Tuesday, July 25, 2017

In South Okkalapa, residents grasp first opportunity to vote


U Kaung Myint Htut, independent Pyithu Hluttaw candidate for South Okkalapa, outside a polling station. U Kaung Myint Htut, independent Pyithu Hluttaw candidate for South Okkalapa, outside a polling station.

Enthusiastically chewing betel, Ko Tun Aung stands outside a polling station in South Okkalapa township reflecting on what he has just done. At 35 years of age, he has never had the opportunity to vote in an election. On this November morning he rose early to cast his ballot, hopeful that the election could transform his life for the better.

“It was 6am when I left home to vote,” he says, still holding his pink National Registration Card (NRC) in his left hand and gripping the betel between his gums. “I’m not educated in politics … I live my life on a day-to-day basis and my expenditure always seems to be higher than my income,” he said.

“We want the right person who can change this situation and give us some financial security.”

A low-paid worker at a small plastic molding company, Ko Tun Aung says livelihood issues were at the front of his mind when he cast his ballot.

When I ask him who he voted for, the smile on his face disappears.

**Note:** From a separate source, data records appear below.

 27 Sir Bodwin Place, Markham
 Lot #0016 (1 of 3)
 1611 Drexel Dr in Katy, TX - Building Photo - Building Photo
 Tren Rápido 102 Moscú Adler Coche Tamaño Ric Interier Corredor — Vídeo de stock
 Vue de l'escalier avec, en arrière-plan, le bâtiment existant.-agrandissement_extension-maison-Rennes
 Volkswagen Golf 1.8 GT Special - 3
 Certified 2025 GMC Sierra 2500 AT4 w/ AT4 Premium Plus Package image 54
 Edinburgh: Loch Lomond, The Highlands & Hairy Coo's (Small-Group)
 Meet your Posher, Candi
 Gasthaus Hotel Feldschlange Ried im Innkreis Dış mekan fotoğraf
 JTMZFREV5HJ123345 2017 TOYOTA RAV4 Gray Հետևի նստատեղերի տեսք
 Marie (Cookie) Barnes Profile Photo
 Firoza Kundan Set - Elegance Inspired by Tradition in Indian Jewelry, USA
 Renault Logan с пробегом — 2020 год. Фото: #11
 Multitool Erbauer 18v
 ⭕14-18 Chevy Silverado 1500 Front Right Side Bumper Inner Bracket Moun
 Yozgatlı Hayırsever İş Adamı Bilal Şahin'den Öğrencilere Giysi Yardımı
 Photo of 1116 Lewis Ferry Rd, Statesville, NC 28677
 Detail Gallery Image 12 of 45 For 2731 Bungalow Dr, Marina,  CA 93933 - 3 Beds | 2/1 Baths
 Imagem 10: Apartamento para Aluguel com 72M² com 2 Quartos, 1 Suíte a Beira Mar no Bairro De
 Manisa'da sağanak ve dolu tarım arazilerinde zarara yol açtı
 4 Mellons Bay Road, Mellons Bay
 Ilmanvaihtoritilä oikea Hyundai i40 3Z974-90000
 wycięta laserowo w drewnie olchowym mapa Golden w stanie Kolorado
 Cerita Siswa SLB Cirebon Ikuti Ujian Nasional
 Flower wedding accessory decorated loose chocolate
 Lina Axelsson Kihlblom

He becomes motionless; the betel chewing stops.

After a brief moment of thought, choosing his words carefully, he says: “I voted for the [candidates] who I think can make changes.”

In South Okkalapa, the mayor of Yangon, U Aung Thein Linn ran as a candidate for the Union Solidarity and Development Party (USDP). Also on the Pyithu Hluttaw ballot form were candidates from the National Democratic Force, Democratic Party (Myanmar) and National Unity Party as well as one independent.

When Ko Tin Aung mentions “change”, I know exactly who he did not vote for. However, I decide not to press the issue any further than I already have.

Unlike Ko Tun Aung, the 2010 election is not the first time U Hla Thein has voted. He is 88 years of age and walked to the polling station from his home with the aid of a walking stick. The North Okkalapa resident is ushered into the polling station by a throng of young election commission workers.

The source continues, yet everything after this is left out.